╭─ Supplied information

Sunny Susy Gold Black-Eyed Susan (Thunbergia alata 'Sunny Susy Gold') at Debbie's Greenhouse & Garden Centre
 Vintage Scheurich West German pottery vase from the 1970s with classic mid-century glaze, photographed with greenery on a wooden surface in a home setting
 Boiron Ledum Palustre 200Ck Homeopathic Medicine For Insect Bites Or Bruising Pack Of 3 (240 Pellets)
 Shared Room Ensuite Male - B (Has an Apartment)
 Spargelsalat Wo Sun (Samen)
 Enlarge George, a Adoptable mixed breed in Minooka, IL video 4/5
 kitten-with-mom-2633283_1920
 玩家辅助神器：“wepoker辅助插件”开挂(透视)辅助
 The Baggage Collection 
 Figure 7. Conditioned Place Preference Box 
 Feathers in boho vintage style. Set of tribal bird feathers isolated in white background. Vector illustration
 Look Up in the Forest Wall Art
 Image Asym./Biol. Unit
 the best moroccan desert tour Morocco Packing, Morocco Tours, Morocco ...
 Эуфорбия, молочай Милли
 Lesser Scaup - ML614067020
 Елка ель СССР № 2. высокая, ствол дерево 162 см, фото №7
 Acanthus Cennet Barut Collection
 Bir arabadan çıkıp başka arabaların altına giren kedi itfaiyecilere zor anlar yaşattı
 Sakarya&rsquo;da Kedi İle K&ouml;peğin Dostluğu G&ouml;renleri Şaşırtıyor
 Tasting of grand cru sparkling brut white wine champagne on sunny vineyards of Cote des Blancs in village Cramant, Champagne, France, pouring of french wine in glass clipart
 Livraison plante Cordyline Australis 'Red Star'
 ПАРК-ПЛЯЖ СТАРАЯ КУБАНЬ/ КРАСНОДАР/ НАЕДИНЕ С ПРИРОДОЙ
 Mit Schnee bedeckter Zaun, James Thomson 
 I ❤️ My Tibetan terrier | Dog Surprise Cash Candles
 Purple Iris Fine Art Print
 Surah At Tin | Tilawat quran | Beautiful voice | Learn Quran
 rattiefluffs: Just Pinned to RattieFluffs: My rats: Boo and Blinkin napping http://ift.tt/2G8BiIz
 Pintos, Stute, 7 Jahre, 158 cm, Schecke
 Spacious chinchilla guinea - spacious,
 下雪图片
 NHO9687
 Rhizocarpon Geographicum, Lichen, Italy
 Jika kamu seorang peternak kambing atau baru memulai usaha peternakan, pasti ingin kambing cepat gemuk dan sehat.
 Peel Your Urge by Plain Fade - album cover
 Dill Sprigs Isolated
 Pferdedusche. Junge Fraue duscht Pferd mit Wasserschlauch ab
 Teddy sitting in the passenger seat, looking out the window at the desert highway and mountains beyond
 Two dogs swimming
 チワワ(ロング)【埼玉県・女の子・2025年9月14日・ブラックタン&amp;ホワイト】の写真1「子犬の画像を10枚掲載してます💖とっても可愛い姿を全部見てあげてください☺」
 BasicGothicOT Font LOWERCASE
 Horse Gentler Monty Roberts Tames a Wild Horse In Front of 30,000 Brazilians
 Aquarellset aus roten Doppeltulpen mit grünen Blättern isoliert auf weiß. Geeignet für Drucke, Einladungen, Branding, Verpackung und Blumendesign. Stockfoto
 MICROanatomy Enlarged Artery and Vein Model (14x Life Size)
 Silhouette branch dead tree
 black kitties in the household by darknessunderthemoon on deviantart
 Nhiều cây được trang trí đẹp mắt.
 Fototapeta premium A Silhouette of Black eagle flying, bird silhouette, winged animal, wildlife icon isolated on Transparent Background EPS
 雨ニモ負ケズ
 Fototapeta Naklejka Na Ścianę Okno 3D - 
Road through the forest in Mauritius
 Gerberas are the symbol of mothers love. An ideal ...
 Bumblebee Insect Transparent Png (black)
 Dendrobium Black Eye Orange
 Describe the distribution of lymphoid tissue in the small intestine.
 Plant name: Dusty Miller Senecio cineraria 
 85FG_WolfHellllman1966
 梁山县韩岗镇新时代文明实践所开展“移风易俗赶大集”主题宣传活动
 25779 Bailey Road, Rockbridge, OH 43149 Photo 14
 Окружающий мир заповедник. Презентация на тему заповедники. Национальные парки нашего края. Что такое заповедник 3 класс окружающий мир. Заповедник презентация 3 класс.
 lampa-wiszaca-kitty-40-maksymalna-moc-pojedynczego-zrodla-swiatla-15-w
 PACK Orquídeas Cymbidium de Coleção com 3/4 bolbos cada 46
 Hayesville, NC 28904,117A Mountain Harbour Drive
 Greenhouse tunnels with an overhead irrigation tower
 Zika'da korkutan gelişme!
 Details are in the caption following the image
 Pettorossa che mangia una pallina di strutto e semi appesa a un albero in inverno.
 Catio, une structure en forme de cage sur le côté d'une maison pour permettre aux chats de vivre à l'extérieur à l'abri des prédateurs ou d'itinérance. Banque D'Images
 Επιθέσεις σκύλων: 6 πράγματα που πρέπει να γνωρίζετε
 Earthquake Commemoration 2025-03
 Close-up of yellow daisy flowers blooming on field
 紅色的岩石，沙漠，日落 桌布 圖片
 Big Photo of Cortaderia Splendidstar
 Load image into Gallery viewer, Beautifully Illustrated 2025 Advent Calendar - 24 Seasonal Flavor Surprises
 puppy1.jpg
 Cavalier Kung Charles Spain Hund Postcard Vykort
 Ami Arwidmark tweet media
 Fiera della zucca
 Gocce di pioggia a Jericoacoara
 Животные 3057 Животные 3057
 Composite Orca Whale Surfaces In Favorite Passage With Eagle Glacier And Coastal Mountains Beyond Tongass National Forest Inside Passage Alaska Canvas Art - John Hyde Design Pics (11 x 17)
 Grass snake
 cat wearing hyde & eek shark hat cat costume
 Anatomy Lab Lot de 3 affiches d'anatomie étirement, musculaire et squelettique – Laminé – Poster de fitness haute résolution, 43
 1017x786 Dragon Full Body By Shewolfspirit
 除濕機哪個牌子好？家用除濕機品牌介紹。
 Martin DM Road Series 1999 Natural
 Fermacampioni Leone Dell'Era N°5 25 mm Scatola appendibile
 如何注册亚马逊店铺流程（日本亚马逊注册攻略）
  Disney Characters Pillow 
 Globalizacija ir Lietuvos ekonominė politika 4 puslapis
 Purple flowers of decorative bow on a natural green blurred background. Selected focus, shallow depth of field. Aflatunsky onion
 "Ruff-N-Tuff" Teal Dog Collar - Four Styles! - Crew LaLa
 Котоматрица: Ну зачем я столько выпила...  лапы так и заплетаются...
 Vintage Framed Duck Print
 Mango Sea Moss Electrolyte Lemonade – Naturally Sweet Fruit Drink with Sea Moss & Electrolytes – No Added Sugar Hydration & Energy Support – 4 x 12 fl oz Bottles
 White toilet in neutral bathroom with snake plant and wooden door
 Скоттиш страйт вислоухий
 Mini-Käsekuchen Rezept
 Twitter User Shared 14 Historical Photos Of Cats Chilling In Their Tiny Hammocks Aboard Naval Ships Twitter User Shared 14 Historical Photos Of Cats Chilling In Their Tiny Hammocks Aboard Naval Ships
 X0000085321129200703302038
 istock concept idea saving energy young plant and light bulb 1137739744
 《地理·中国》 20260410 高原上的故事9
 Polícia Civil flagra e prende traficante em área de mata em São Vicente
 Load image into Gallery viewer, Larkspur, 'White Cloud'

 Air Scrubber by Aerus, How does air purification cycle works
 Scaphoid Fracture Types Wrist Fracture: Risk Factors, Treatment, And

╰─

■ Aim of the exercise: What lines in the data above carry "Fototapeta"? Return them all.

■ The answer:
 Fototapeta premium A Silhouette of Black eagle flying, bird silhouette, winged animal, wildlife icon isolated on Transparent Background EPS
 Fototapeta Naklejka Na Ścianę Okno 3D - 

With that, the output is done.